* Demand for 1-day and 7-day repurchase agreements slows down
* Follows central bank intervention in money markets
* PBOC concerned banks too reliant on short-term borrowing
* Raises memories of 2013 when short-term rates spiked
By Nathaniel Taplin
SHANGHAI, Sept 19 (Reuters) - China’s central bank can take some measure of success from its attempts to force small banks to reduce their reliance on risky short-term borrowing, but uncomfortable memories of a 2013 cash crunch that spooked global markets is keeping traders on edge.
Three years ago, the PBOC engineered a cash squeeze that saw some short-term rates spike as high as 30 percent. Financial markets interpreted the manoeuvre as a PBOC warning to banks to curb risky lending practices, but the jump in rates also sparked fears of a banking crisis.
Worried that banks are again too reliant on short-term loans, the central bank has changed tack by forcing banks away from overnight and seven-day repurchase agreements (repos) and into 14-day and 28-day instruments, while at the same time injecting cash into the financial system to avoid a cash crunch.

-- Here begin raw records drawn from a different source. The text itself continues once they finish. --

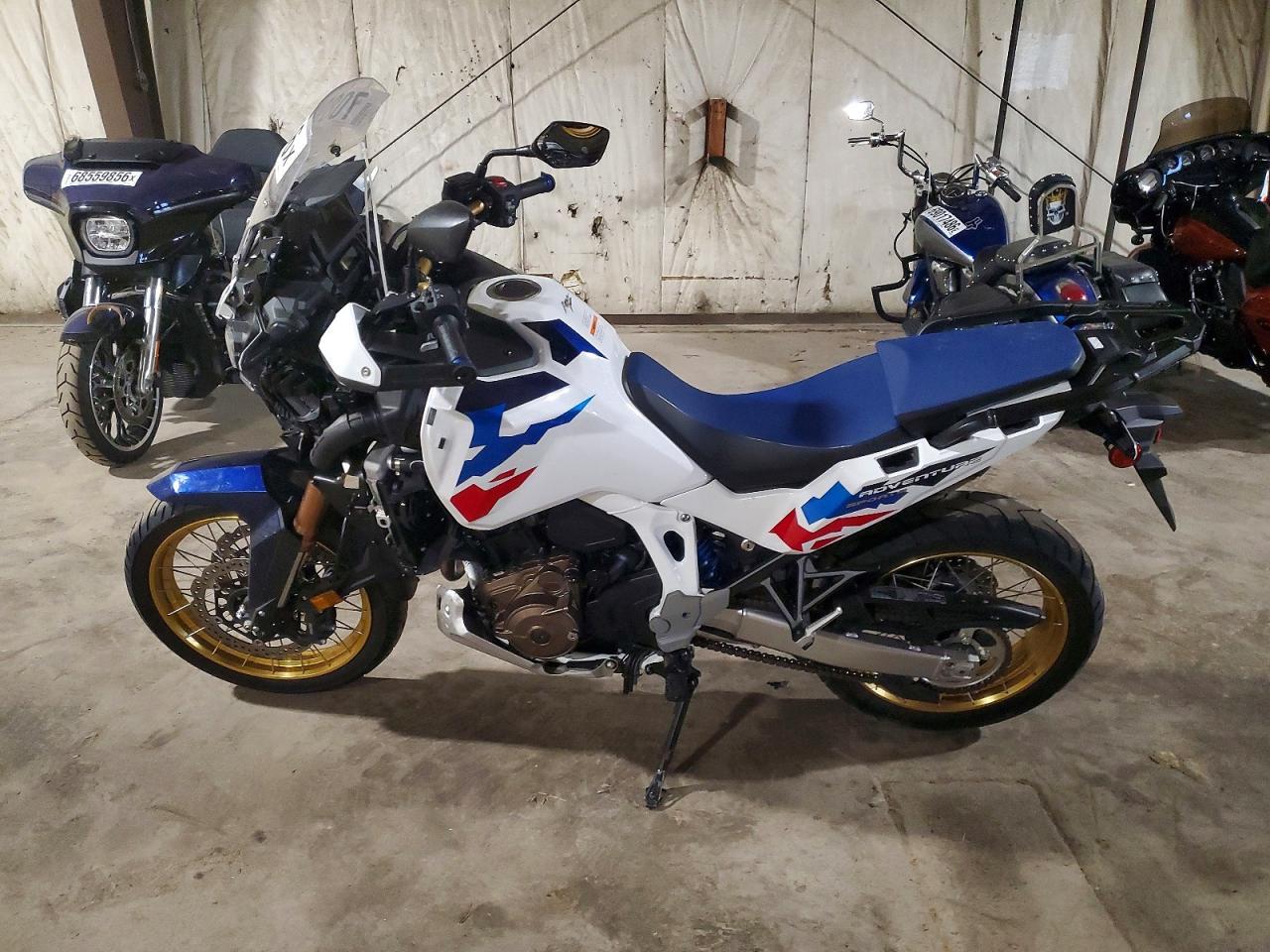 2024 Honda CRF1100 D4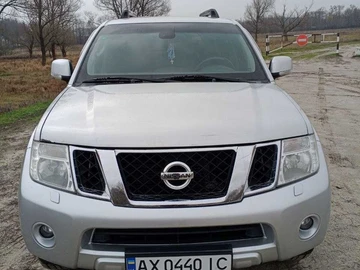 Авто Nissan Pathfinder 2012 № 8247129
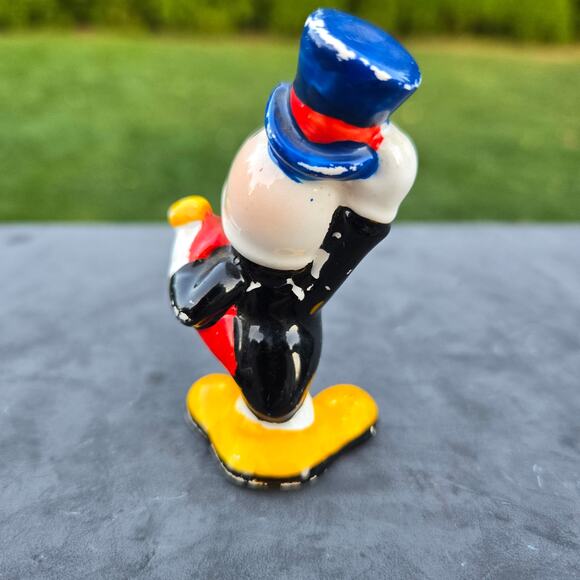 Vintage Jiminy Cricket Figurine 3" Tall Walt Disney Productions Japan *read* - Picture 3 of 12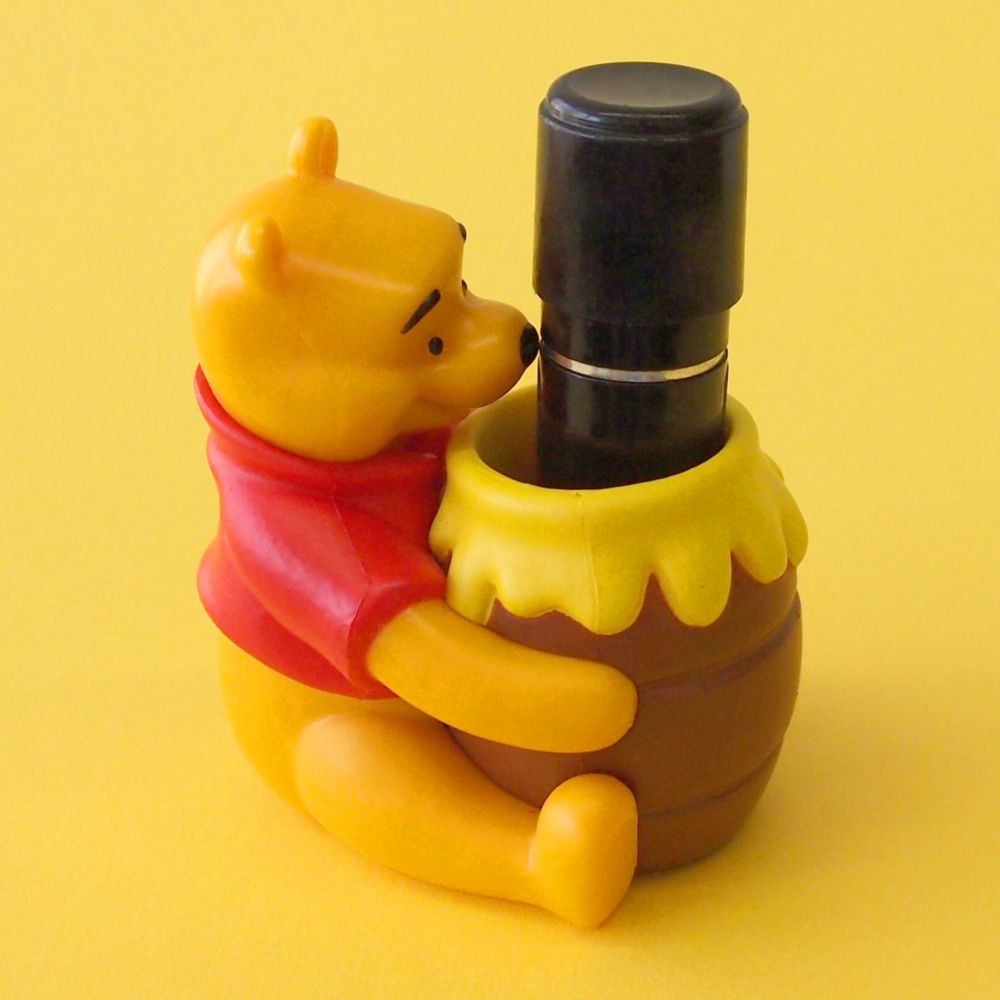 Disney Collection/プーハブラシホルダー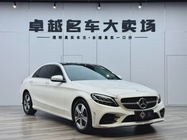 Mercedes-Benz C-Class 2020
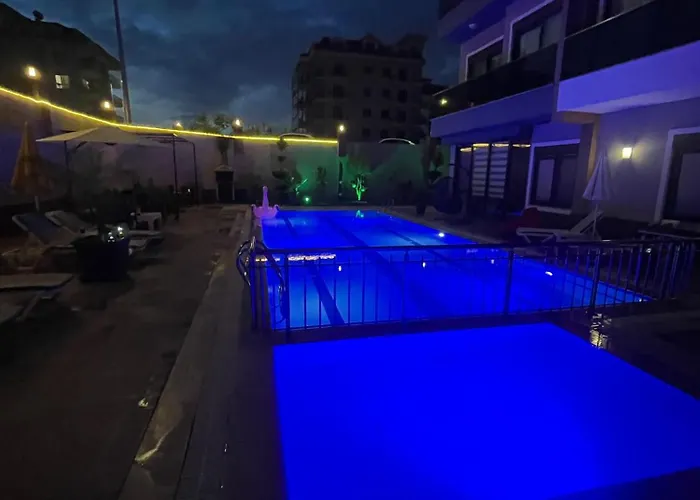 Kestel * 阿拉尼亚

But the delicate balancing act still pushed the benchmark overnight lending rate up to 2.15 percent on Wednesday, its highest level in more than a year. Other money market benchmarks, including the volume weighted average seven-day bond repo agreement rate, have also risen sharply. China’s markets were closed on Thursday and Friday for a public holiday.
“It’s been incredibly tense these past few days,” said a money-market trader at a mid-sized Chinese commercial bank in Shanghai.
The risk for small and mid-tier banks, which unlike big banks can’t rely on a large deposit base for funding, is that interbank funding exposes them to any market disruptions - such as a sustained rise in interest rates, Moody’s Investors Service said.
If the small banks are faced with a liquidity crisis, the problem would reverberate across a banking system already concerned with the highest level of non-performing loans since the global financial crisis and a deterioration in asset quality.
But half way through September, the volume of trade is running at a slower pace than in August, suggesting the PBOC’s measures have to a degree curbed banks’ appetite for short-term repos - a form of lending with an agreed repayment deadline and price.
China Foreign Exchange Trading System figures show that 21.3 trillion yuan of one-day repos had been traded as of Sept 14, or about 40 percent of the record high volume in August. The volume of seven-day repos was less than 40 percent of the August figure.
The use of repos is critical for many bank operations, but the central bank is concerned that many banks are using them to help fund trading strategies that contain too many layers of borrowing, or leverage.
Typically, a bank money manager can boost returns by using deposits invested in the bank’s wealth management products to buy bonds. They would then use those bonds as collateral to raise short-term funds from the repo market, which in turn are used to buy more bonds. In theory, this cycle can continue but the tactic is fraught with risk.
As long as bond prices keep rising, the banks can profit before the repos fall due and provide the returns that attract investors to deposit funds in the wealth management products.
Since the middle of this year, China’s bond market has been rallying, so the practice has largely paid off but the central bank’s money-market intervention is a sign that it is worried a bond market bubble could be forming, traders said.
It has clamped down as the broader economy appears to be levelling off following worries earlier this year that economic expansion was slipping too quickly.
“As (economic) growth has stabilised, it appears that Chinese authorities have turned the focus to ‘risk control,'” Zhou Hao, senior emerging markets economist at Commerzbank wrote in a research note.
“However, from the Chinese authorities’ perspective, it will be also dangerous to conduct a rapid deleveraging in the bond market if the central bank raises the funding costs sharply. This is where we can expect some volatility in the coming months.”
Rates this time around remain far below where they were in 2013, but the scale of outstanding debts in China’s nebulous wealth management sector, a portion of which relies on money market leverage to boost returns, is also larger now, and bank profits and margins are weaker.
Critically, analysts say, the portion of repo leverage that has made its way into the bond market is not clear.
During a similar leverage scare in late 2015, wealth management sources told Reuters they were offering bond market products featuring leverage as high as 400 percent.
This time around the worries are centred on the much larger interbank market rather than the smaller exchange traded bond market, another reason the run-up has drawn policymaker concern.
With capital outflows rising again and the real extent of bond market leverage unclear, analysts say market participants should be prepared for a bumpy ride.
“Investors should remember that the Chinese authorities attempts to reduce leverage in the stock market in 2015 ended disastrously,” Commerzbank’s Zhou said in the note.